Let’s start out with the key feature of all three: they’re electro-mechanical. The mechanical aspect is a legacy of the acoustic piano. In each keyboard, hammers strike vibrating objects: tines in the Rhodes, reeds in the Wurlitzer, and strings in the Clavinet. The “electro” aspect is that pickups, much like those on an electric guitar, are what translate that vibration into voltage that eventually moves a speaker. From here, the three keyboards diverge in important ways.

THE RHODES

“Rhodes” is almost synonymous with “electric piano.” Harold Rhodes’ first invention was the Xylette, a laptop piano made for injured Army Air Corps servicemen to play while recovering. The Rhodes pianos we’re familiar with today grew out of Mr. Rhodes meeting Leo Fender. In 1959, the two released a prototype of the Fender Rhodes Piano Bass, a keyboard bass made famous by Ray Manzarek of the Doors.

In 1965, CBS bought Fender and began producing Rhodes electric pianos. Beginning with the “sparkletop” (Mark 0), the line evolved through the Mark I (1970), Mark II (1979), and finally the Mark V (1984), which were the last Rhodes pianos of that era. For a time in the ’80s, Roland owned the name and put it on some keyboards, but these were digital, not electro-mechanical. Though Mr. Rhodes passed away in 2000, the company that bears his name is back with a new electro-mechanical piano: the Rhodes Mark 7. Based on the rare Mark V, prototypes debuted at this year’s winter NAMM show (see our Mar. ’07 issue), and full production is planned for early next year. If you’ve always wanted a real Rhodes, but didn’t want to hunt for a used one and refurbish it, 2008 could be your year!

How does a Rhodes make its sound? See Figure 1 on page 27: When you play a key, the hammers strike tines: thin metal rods, each of which attaches to a tone bar that extends above it. This amount to a lopsided tuning fork, with the tine providing more of the bell-like tone, and the tone bar ringing out the fuller, fundamental tone. You tune a Rhodes by sliding a small spring that’s wrapped around each tine. The closer it is to the free end, the more its weight slows the vibration, so the lower the pitch.

Each tine faces its own pickup, and the tone bar is affixed to the harp with two metal screws threaded through springs, which you can adjust to vary how “on-axis” a tine points at its pickup. Relatively off-axis settings produce a fuller, mellower tone; the other extreme is when an imaginary straight line goes through the centers of the tine shaft and pickup — this produces a more nasal sound with less low end. The short solo on Earth, Wind, and Fire’s “Shining Star” is a good example of a sharper Rhodes tone; “I Can’t Tell You Why” by the Eagles is one tune that shows off the softer side.

Loosen the small screw on the top of each pickup to adjust the overall distance between pickup and tine.
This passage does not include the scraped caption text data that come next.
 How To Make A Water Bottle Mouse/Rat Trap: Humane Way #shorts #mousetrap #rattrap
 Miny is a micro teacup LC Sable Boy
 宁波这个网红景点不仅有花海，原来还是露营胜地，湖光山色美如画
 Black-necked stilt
The shorter the distance, the louder the note. You’ll know it’s too close if it starts making clicking noises against the tine.

THE WURLITZER

The Wurlitzer is sometimes confused with the Rhodes by casual listeners. In fact, the Wurly’s tone is more reedy — this isn’t a perfect analogy, but think of a percussive clarinet, as opposed to the Rhodes’ more flute-like tone. Though the company called it an “electronic piano,” today we’d use that term to refer to keyboards that generate sound via oscillators or samples, while an “electric piano” has electro-mechanical innards.

The Wurly’s action is the most complex of our three legends (see Figure 2 on page 27); it’s essentially a scaled-down grand piano action in which felt hammers strike flat metal “reeds.” (Usually, a reed instrument is one in which airflow vibrates the reeds, not hammers.) The sustain pedal attached via a flexible metal cable underneath.
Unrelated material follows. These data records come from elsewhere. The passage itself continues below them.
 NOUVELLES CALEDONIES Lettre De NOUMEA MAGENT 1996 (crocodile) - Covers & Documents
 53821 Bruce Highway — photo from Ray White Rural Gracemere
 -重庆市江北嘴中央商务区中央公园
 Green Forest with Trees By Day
Where the Rhodes uses simple magnetic pickups like an electric guitar, the Wurly has active pickups that require current — unlike a Rhodes, you need to plug a Wurly into AC power to get sound. Tuning is an ungainly process in which you drip solder on the end of the reed, then file it off. The more solder, the lower the pitch. As delicate a task as soldering is on a small part, the bigger problems are the metal filing dust that can get into the circuits, and physical stress that makes the reed more apt to break during playing. Wurlies don’t fall out of tune often — if one does, putting things right is best left to an experienced service tech.
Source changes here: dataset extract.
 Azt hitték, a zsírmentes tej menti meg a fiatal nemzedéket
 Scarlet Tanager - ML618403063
The first Wurlies were made in the ’50s, and once Ray Charles used one on his hit “What’d I Say,” their place in pop music was enshrined. The models most commonly thought of when someone says “Wurly” or plays a Supertramp song are the 200 and 200A, the last of which rolled off the line in 1982.

THE CLAVINET

The Hohner company still makes reed instruments such as harmonicas and accordions; alas, they no longer produce their classic electro-mechanical keyboards. The most famous and funky of these — perhaos due to Stevie Wonder’s iconic hit “Superstition” more than anything else — is the Clavinet. Though that song used a model C, the D6 (released in 1971) became the most popular model due to the addition of four filter/EQ switches that gave the player extended tone control.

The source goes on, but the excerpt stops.